"""

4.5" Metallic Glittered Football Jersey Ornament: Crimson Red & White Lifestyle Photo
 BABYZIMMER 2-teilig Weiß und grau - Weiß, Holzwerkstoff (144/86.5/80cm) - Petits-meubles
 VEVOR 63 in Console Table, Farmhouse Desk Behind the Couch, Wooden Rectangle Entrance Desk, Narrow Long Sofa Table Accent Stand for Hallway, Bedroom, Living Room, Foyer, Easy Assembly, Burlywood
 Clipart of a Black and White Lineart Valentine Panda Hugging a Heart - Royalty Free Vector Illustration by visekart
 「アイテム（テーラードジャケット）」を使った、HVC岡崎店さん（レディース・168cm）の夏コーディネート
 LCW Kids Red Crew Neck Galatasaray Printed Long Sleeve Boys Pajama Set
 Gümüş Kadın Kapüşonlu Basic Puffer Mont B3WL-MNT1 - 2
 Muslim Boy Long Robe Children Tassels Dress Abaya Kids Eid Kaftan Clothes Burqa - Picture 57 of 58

"""

Problem statement: Using the line that contains "Gümüş Kadın Kapüşonlu" as the first, reproduce each line exactly through the last line of the listing.

Exercise result:
 Gümüş Kadın Kapüşonlu Basic Puffer Mont B3WL-MNT1 - 2
 Muslim Boy Long Robe Children Tassels Dress Abaya Kids Eid Kaftan Clothes Burqa - Picture 57 of 58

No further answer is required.